If the device is connected to the Wi-Fi, the application stores the data
in real-time location which gets uploaded once every 30 seconds to the
database server and on successful upload, the data is deleted from local
storage. However if the application detects that the Wi-Fi is not
connected, the application changes the storage location to archived
storage space. This helps application keep track of what needs to be
uploaded in real-time and when the internet comes back up, it can upload
the archive files in between the real-time transmission.
- Get instance of `ConnectivityManager` class and access
`Connectivity_Service` method to get the Wi-Fi status
Download the main configuration file from the server
The application needs to set certain parameters of the application
before it starts execution.

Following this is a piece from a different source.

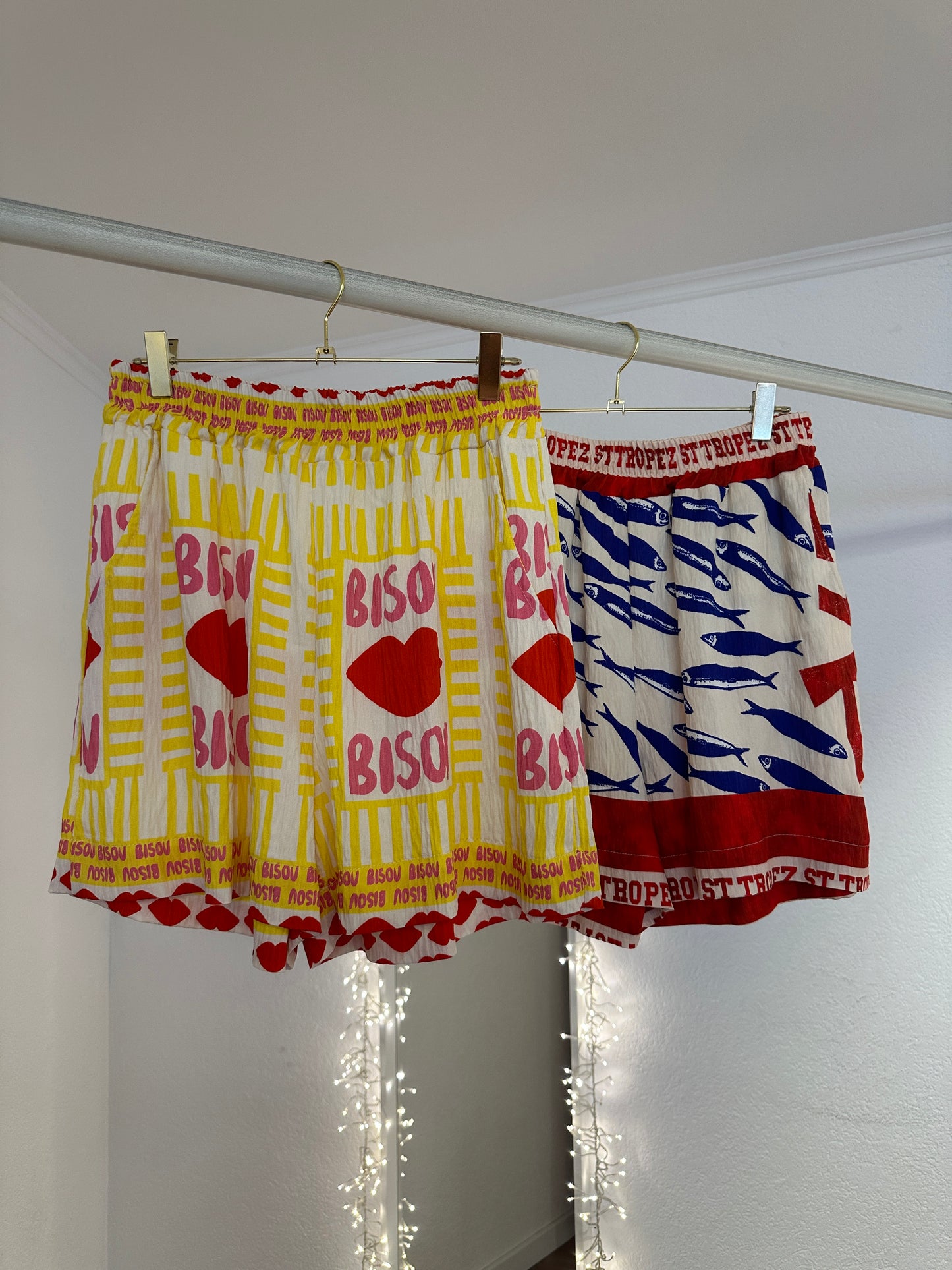 Gemusterte Shorts versch. Farben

If these parameters are not received from
the server, the application will refuse to run and wait until it
receives those parameters.
Once the configuration file is downloaded successfully the application
will re-name the file on the server. This is an indication that the file
has been read and the new commands and parameters will be considered
during the execution of the code.\
- Create ssh connection with the control server using the private
key pre-installed on the device
- Download the main configuration file on local storage
Read the configuration files and modify the application parameters
The main configuration file consists of three most important parameters
related to device and seven parameters for the application to work
correctly.
The three device related parameters are
execute
update
restart
The execute bit is the permission bit for the application to start
execution. By default the value is set to zero, once this bit is set,
the device will start capturing and uploading the data. The application
has system access on the device and can restart or update the
application. The restart bit by default is set to zero, if this bit is
changed, the device will restart once and resume normal operation.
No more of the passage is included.